Abstract
Intrauterine growth restriction is one of the most common and complex problems in modern obstetrics. The cut off value mainly used for defining an IUGR is at the 10th percentile. There are many evidence demonstrating that the adverse perinatal outcome are mainly confined to infants below the 5th or 3th percentile. The mains causes for the onset of IUGR can be divided into three categories: maternal, fetal and placental. Aim of this study is to obtain a review from which speculate useful indication in clinical practice. Evidence from randomized controlled trials finds few interventions beneficial in preventing or treating IUGR.

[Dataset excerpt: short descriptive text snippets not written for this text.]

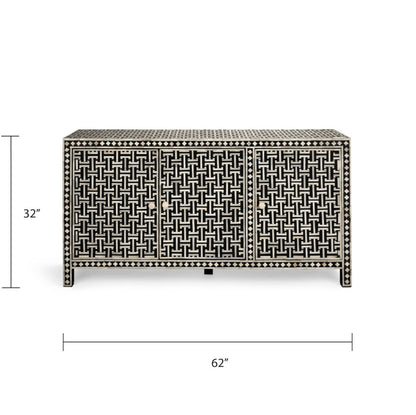 Minnow Bone Inlay Three-Drawer Sideboard - Ella and Ross Furniture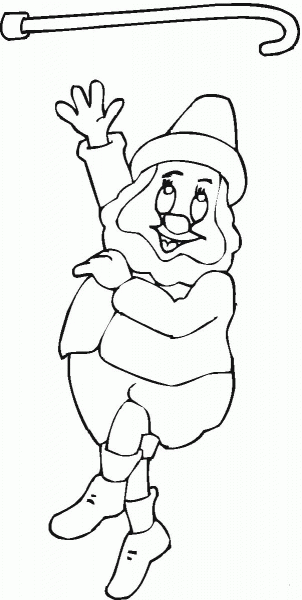 Leprechaun is playing with his stick coloring page image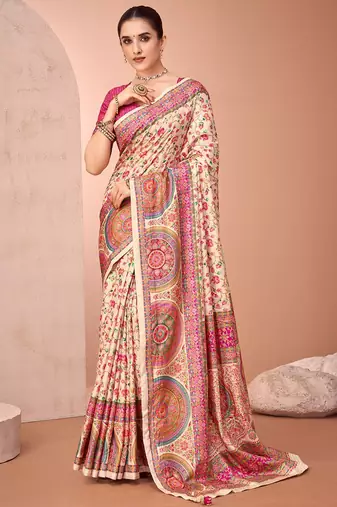 Cream ethnic motif printed patola saree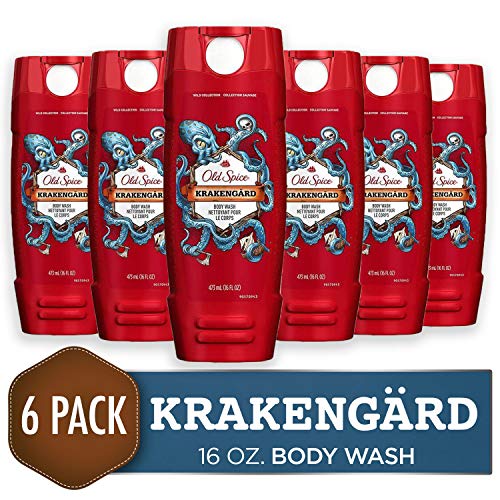 Product Cover Old Spice Wild Collection Body Wash, Krakengard, 16 Fluid Ounce (Pack of 6)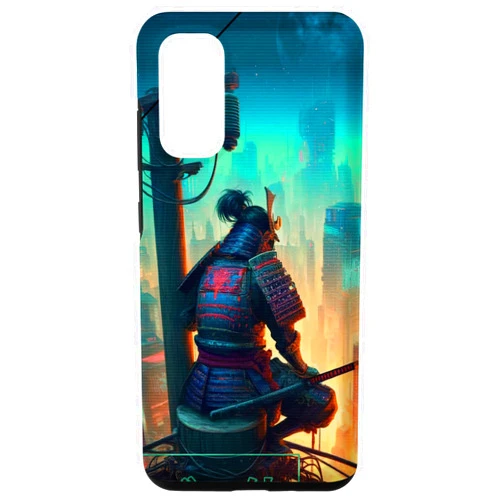 The Ghost Samurai Sword Galaxy S20 Ninja Samurai Electric Pole in Japanese retro Cyberpunk City Case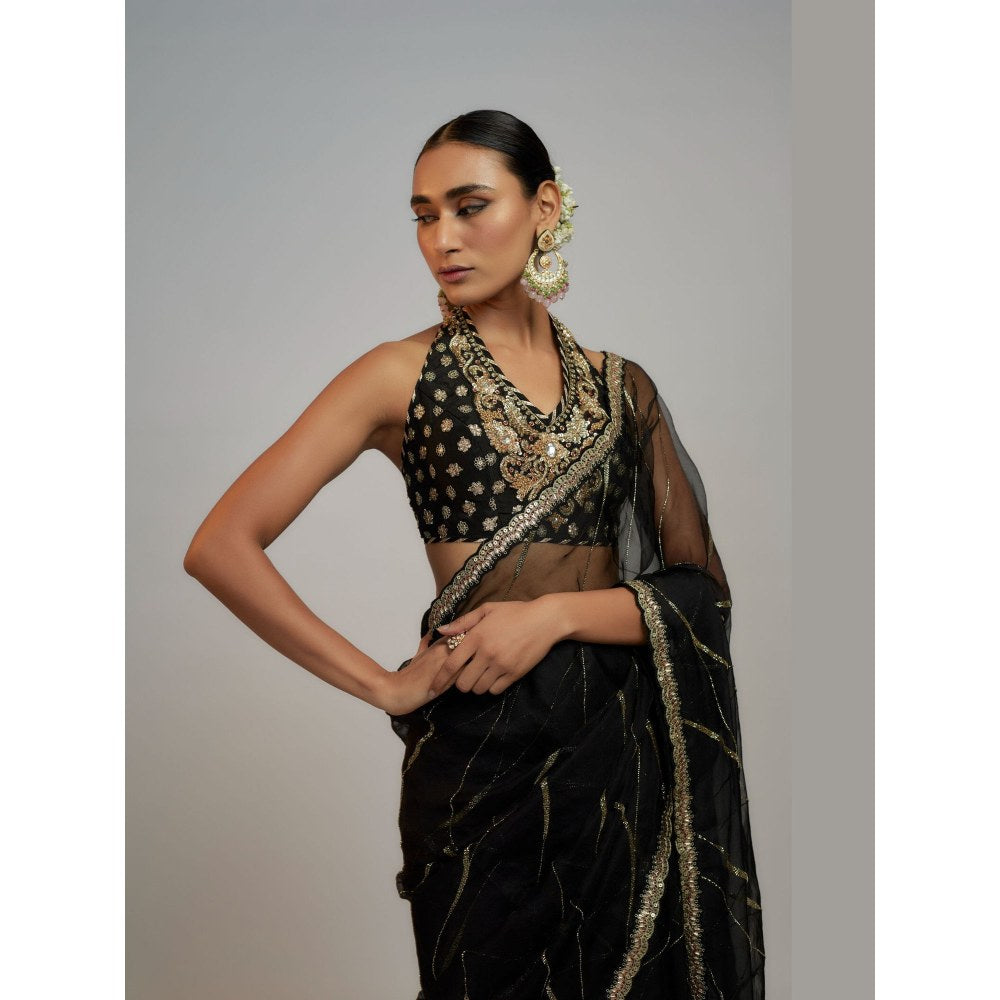 Gopi Vaid Black Golconda Rida Saree with Stitched Blouse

Keywords: Intrauterine growth restriction, Fetal weights, Small for gestational age
Introduction
Intrauterine growth restriction is one of the most common and complex problems in modern obstetrics. In fact, there is some confusion in terminology for the lack of uniform diagnostic criteria. Furthermore almost of authors use the terms small for gestational age (SGA) and intrauterine growth restriction (IUGR) as synonymous. Others authors think that the term SGA is more appropriate referring to infant while IUGR referring to fetus. By definition, 10% of people in any population have a weights, as well as heights, below the 10th percentile. This is the cut-off value mainly used for defining the IUGR. A minority of authors define the cut-off value at the 5th or at 3th percentile. There are many evidence demonstrating that the adverse perinatal outcome are mainly confined to infants below the 5th or 3th percentile (1).
There are two distinct causes that can determine an IUGR: constitutional smallness and pathological growth restriction. Mortality and morbidity of constitutional small babies are very lower than pathological growth restricted (2).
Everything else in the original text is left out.